» Problem requirements
What is needed is the number of lines below that contain the word "from", with no other output.

» Provided data
========================================================================
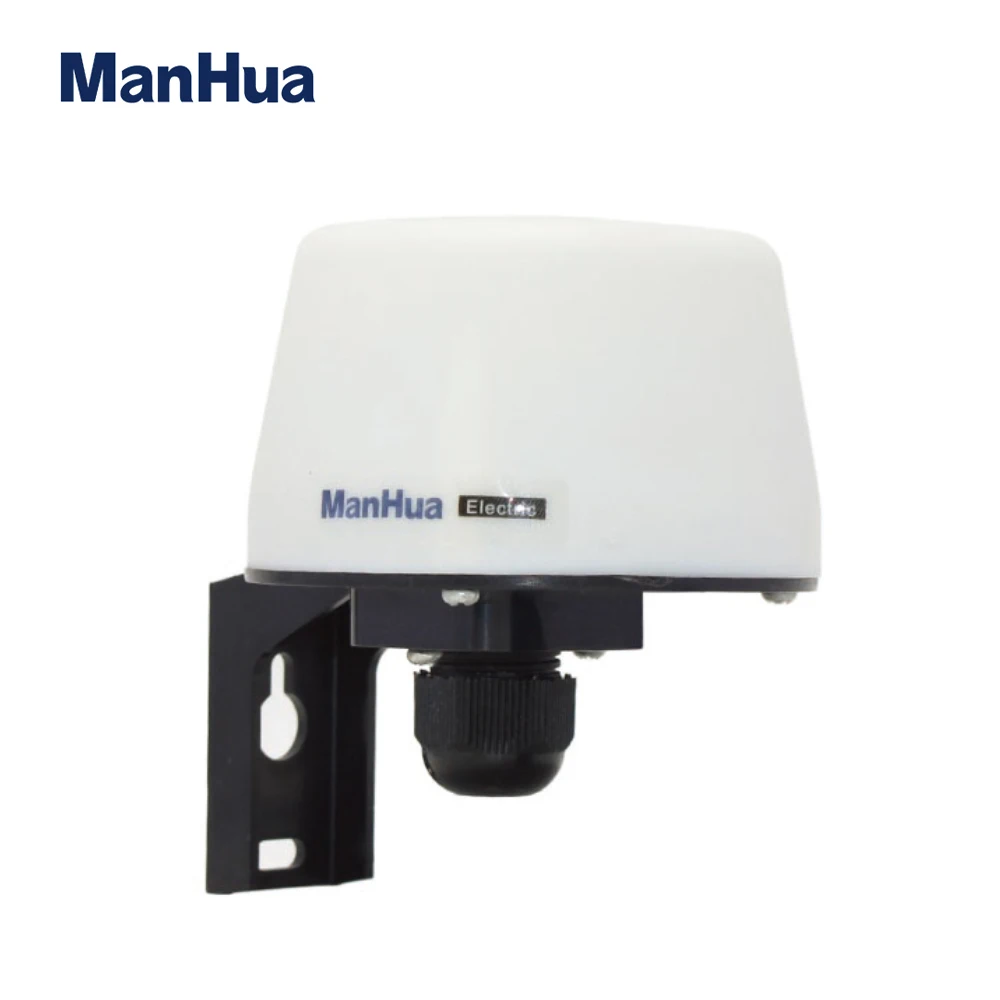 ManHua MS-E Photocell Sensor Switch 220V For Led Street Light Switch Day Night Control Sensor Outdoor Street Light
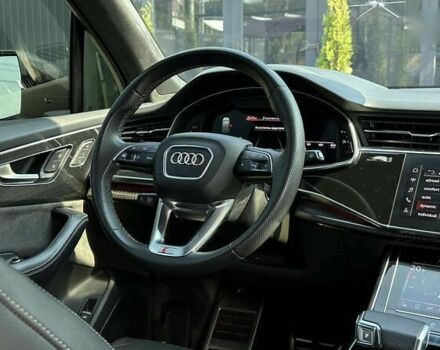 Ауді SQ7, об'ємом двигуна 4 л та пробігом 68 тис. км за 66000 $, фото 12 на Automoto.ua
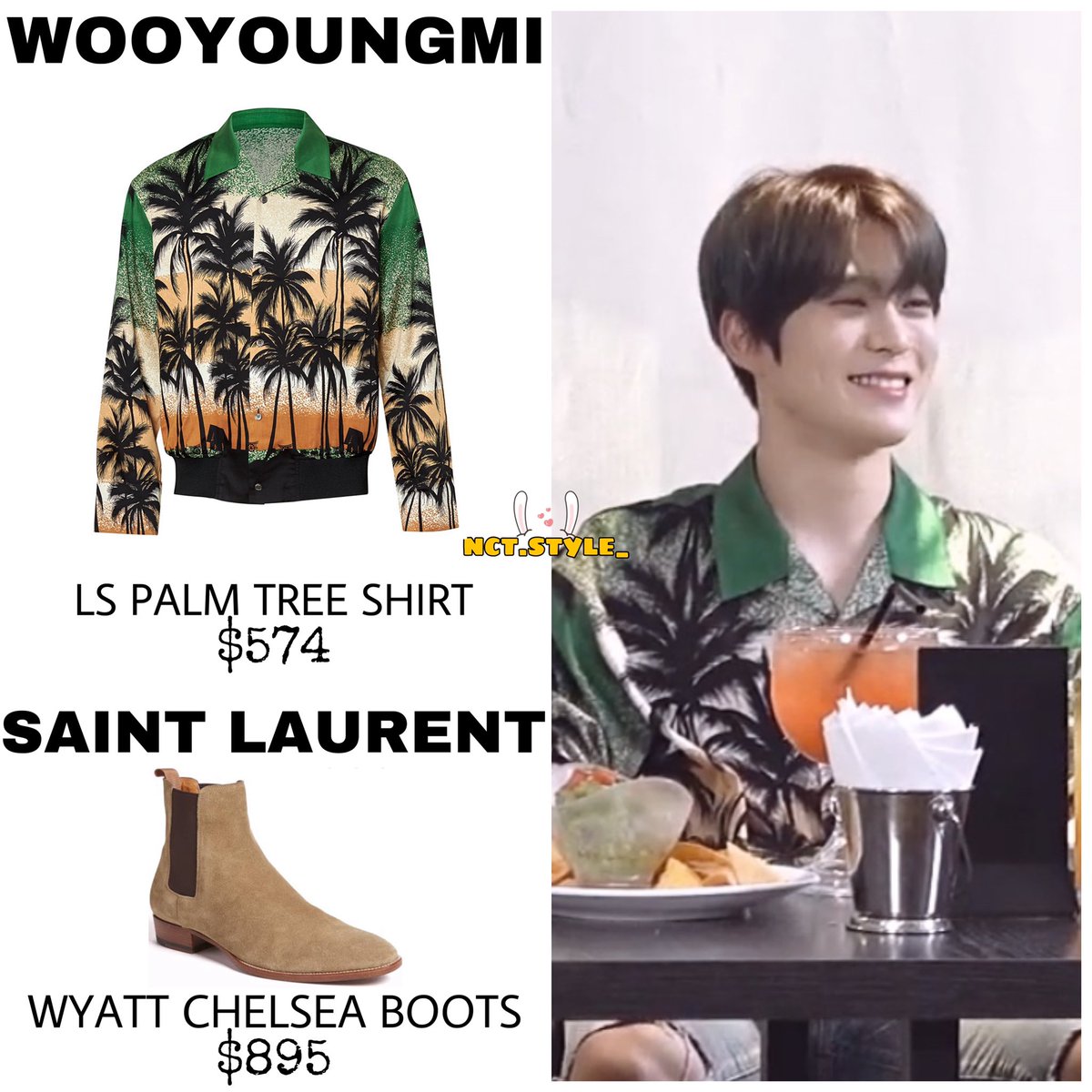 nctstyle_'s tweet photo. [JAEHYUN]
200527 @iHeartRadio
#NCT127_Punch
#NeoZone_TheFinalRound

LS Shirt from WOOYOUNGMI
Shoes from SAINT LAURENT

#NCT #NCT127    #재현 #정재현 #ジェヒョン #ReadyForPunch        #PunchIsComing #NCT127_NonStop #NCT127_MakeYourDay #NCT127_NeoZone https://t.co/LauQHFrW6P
========================================================================
» Your solution
2